The ESP32 has two powerful Xtensa cores, allowing for a great deal of variety of program architectures. The FreeRTOS OS that comes with ESP-IDF is capable of multi-core preemptive multithreading, allowing for an intuitive way of writing software.
The downside of the ease of programming is that debugging without the right tools is harder: figuring out a bug that is caused by two threads, running even simultaneously on two different CPU cores, can take a long time when all you have are printf statements. A better and in many cases quicker way to debug such problems is by using a debugger, connected to the processors over a debug port.
Espressif has ported OpenOCD to support the ESP32 processor and the multicore FreeRTOS, which will be the foundation of most ESP32 apps, and has written some tools to help with features OpenOCD does not support natively.
This document provides a guide to installing OpenOCD for ESP32 and debugging using GDB under Linux, Windows and MacOS. Except for OS specific installation procedures, the s/w user interface and use procedures are the same across all supported operating systems.
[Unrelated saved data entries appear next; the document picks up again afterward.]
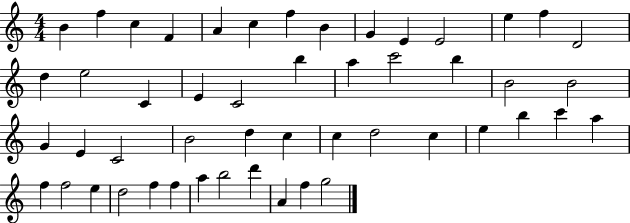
X:1
T:Untitled
M:4/4
L:1/4
K:C
B f c F A c f B G E E2 e f D2 d e2 C E C2 b a c'2 b B2 B2 G E C2 B2 d c c d2 c e b c' a f f2 e d2 f f a b2 d' A f g2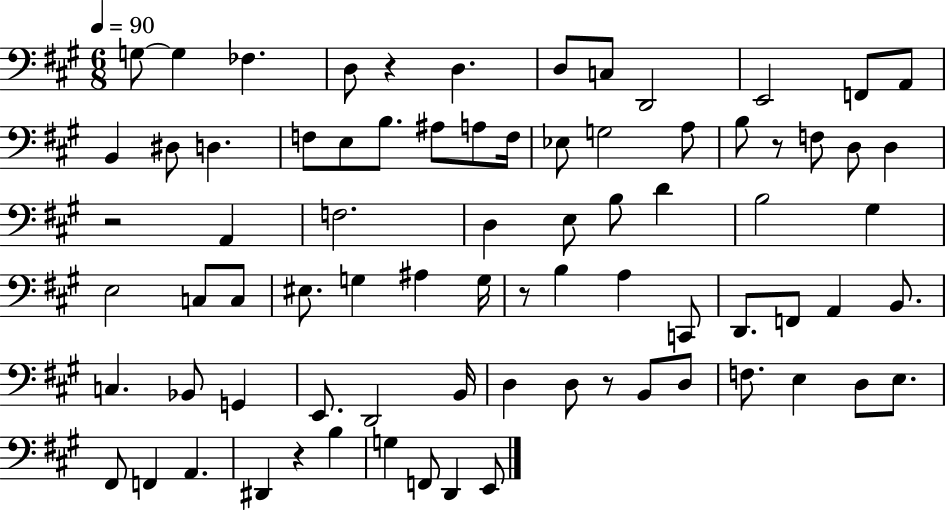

Screenshots presented in this document have been made for Eclipse Neon 3 running on Ubuntu 16.04 LTE. There may be some small differences in what a particular user interface looks like, depending on whether you are using Windows, MacOS or Linux and / or a different release of Eclipse.
How it Works?¶
The key software and hardware to perform debugging of ESP32 with OpenOCD over JTAG (Joint Test Action Group) interface is presented below and includes xtensa-esp32-elf-gdb debugger, OpenOCD on chip debugger and JTAG adapter connected to ESP32 target.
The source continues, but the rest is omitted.